Perhaps due to high costs of $100,000 per terabyte, many market participants deem the use of more data as a bit too aggressive. Or they believe that high performance computing (HPC) is the next generation technology solution for any Big Data issue. Firms, therefore, are sluggishly advancing their information technology in a slow cadence in tune with the old adage: “if it ain’t broke don’t fix it.”

Over the last decade, Wall Street business heads have agreed with engineers that the immense perplexity of Big Data is best categorized by Doug Laney’s 2001 META Group report’s Three B’s: Big Volume, Big Velocity and Big Variety.

When looking at “Big Volume” 10 years ago, the markets had just defragmented under Regulation ATS. A flurry of new market centers arose in U.S. equities as did dark liquidity pools. This gave rise to a global “electronic trading reformation.” Straight-through processing (STP) advocates and evangelized platforms such as BRASS, REDIPlus and Bloomberg Order Management Systems (OMS) resulted in voluminous and fragmented market data streaming to 5,000 NASD/FINRA trading firms and 700,000 professional traders.

Today, the U.S. has 30+ Securities and Exchange Commission-recognized self-regulatory organizations (SROs), commonly known as exchanges and ECNs. For the first time since 2002, full market depth feeds from NASDAQ allow firms to collect, cache, react, store and retrieve feeds on six hours of trading for nearly 300 days a year more transparently than ever. Big Data volume has grown 1,000 percent and has reached three terabytes of market data depth per day.

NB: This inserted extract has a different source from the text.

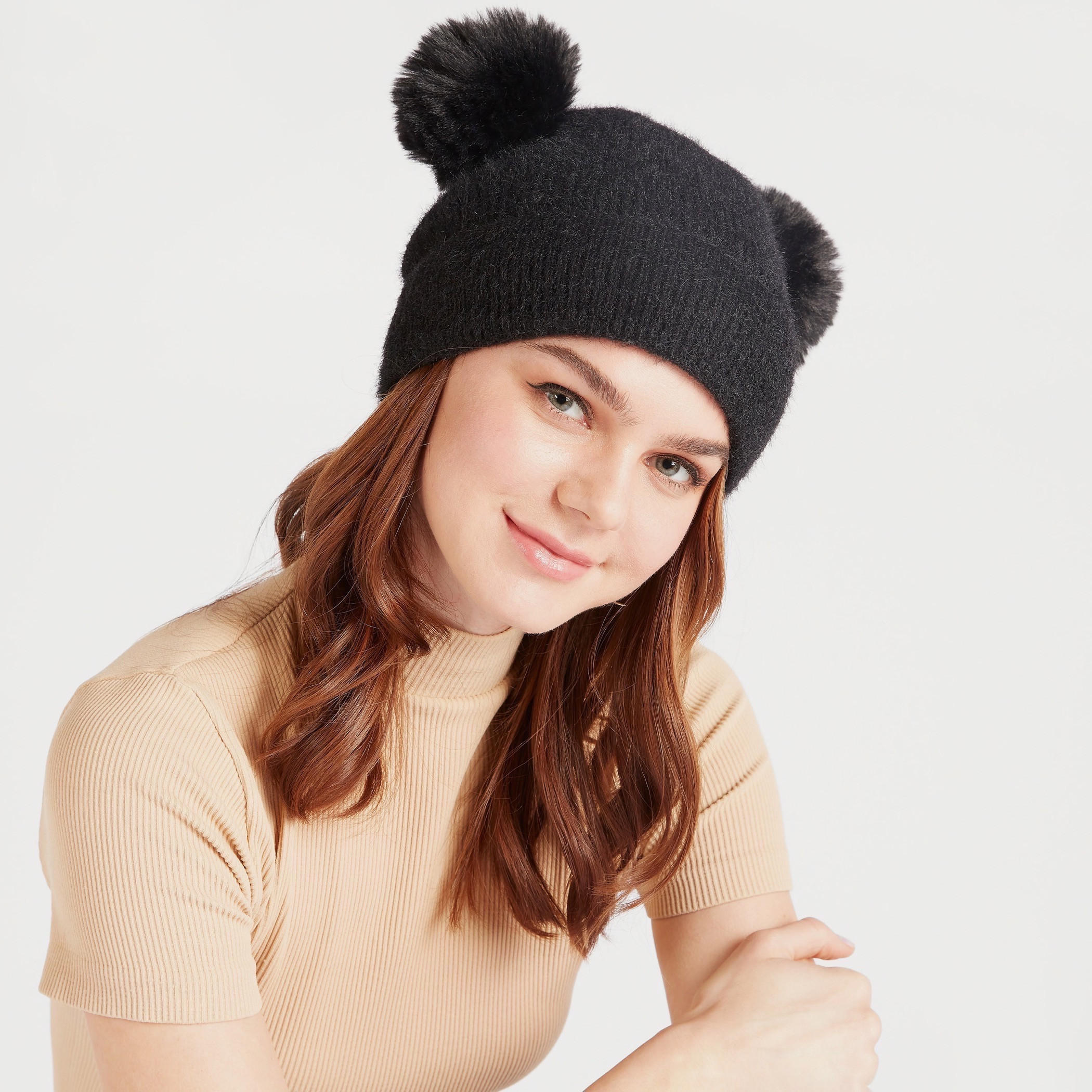 Textured Double Pom Pom Beanie Cap-women-clothingaccessories-capsandhats-image-2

Billions of dollars are being spent on increasing “Big Velocity.” The pipes that wire exchanges through the STP chain to the trader have become 100 times faster and larger but still not fast enough to funnel the bulk of information laying idle back in the database. Through “proximity hosting,” the telco is eliminated and latency is lowered. This structure results in adjustments made for larger packets but not really for more information as Big Data remains the big, quiet elephant in the corner.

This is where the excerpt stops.